#### Problem requirements
I would like the lines below, from the one with "geh*** - Wilhelmshaven" through the one with "Óculos de design Jimmy Choo JC274 KB7", copied exactly and without any pictures.

#### Data for the task
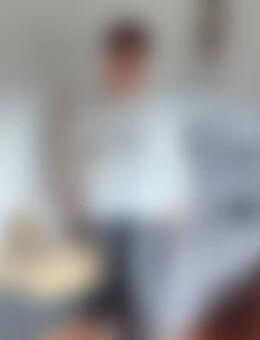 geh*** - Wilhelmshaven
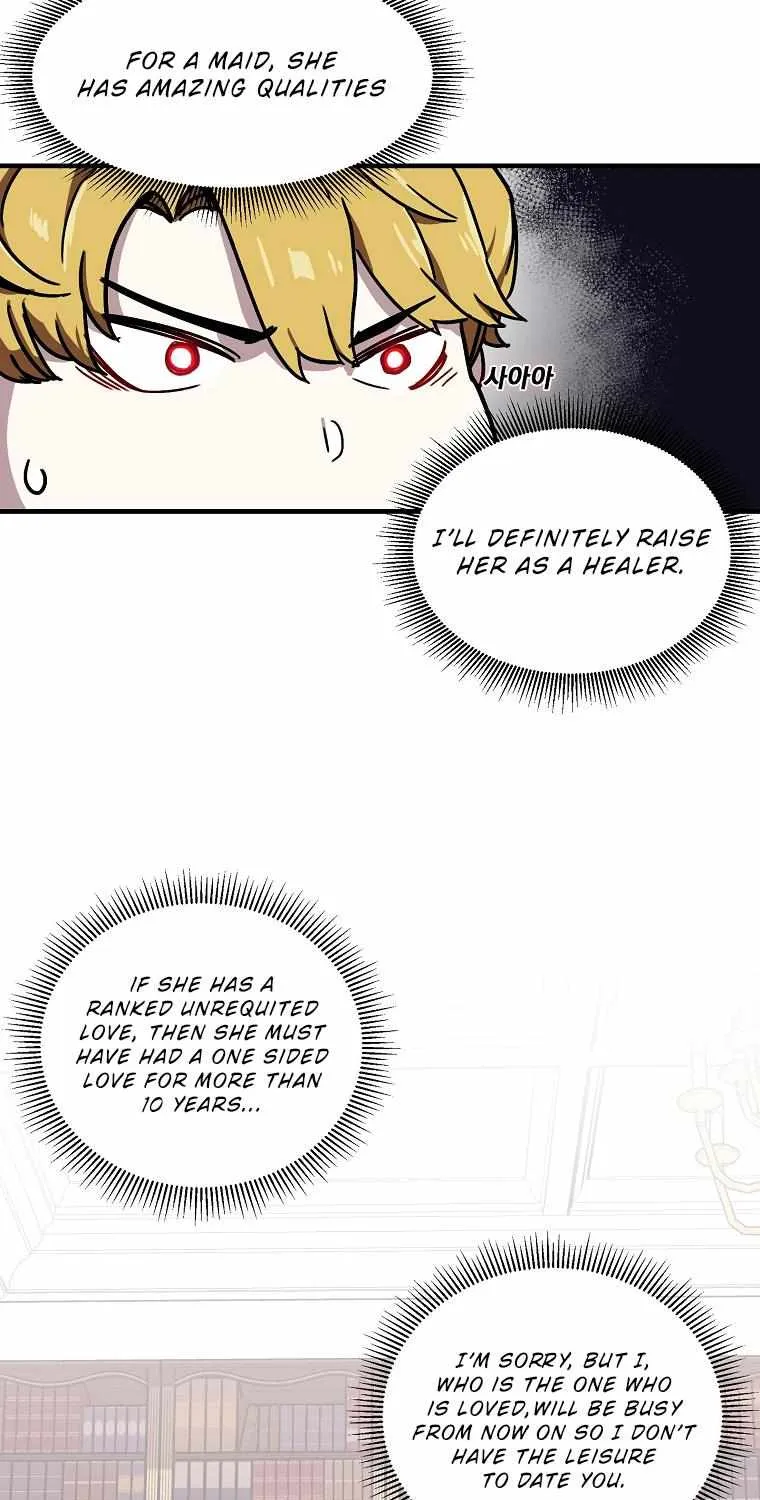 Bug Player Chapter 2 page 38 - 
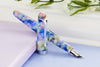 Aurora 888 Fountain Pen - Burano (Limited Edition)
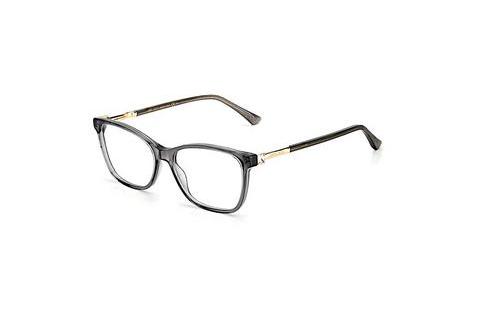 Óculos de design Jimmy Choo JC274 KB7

--

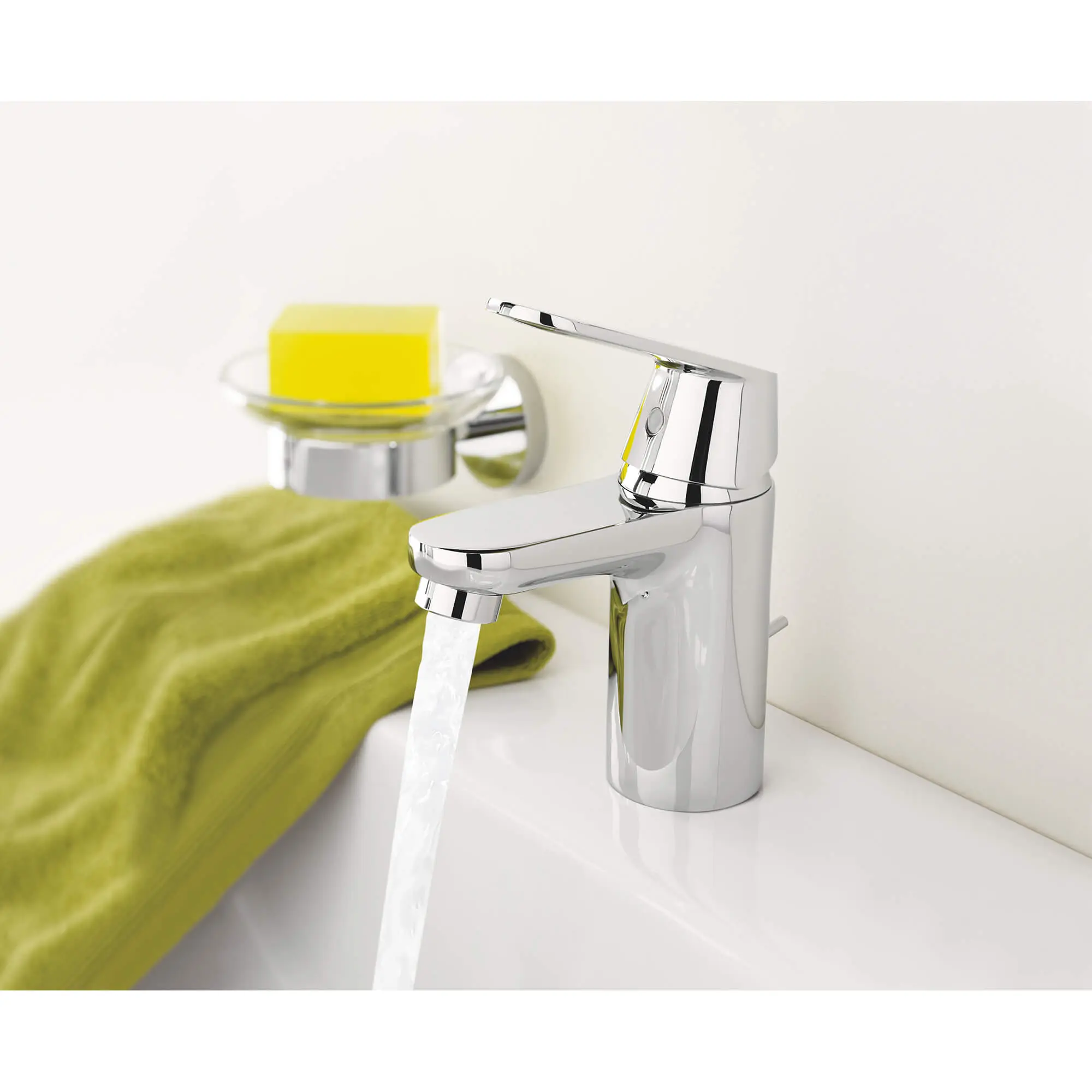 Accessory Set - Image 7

* * *

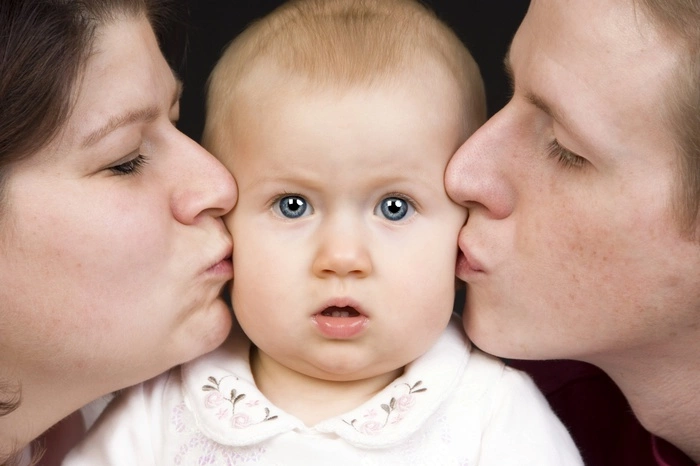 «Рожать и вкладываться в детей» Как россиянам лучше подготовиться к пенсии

#### Completed task
 geh*** - Wilhelmshaven
 Bug Player Chapter 2 page 38 - 
 Aurora 888 Fountain Pen - Burano (Limited Edition)
 Óculos de design Jimmy Choo JC274 KB7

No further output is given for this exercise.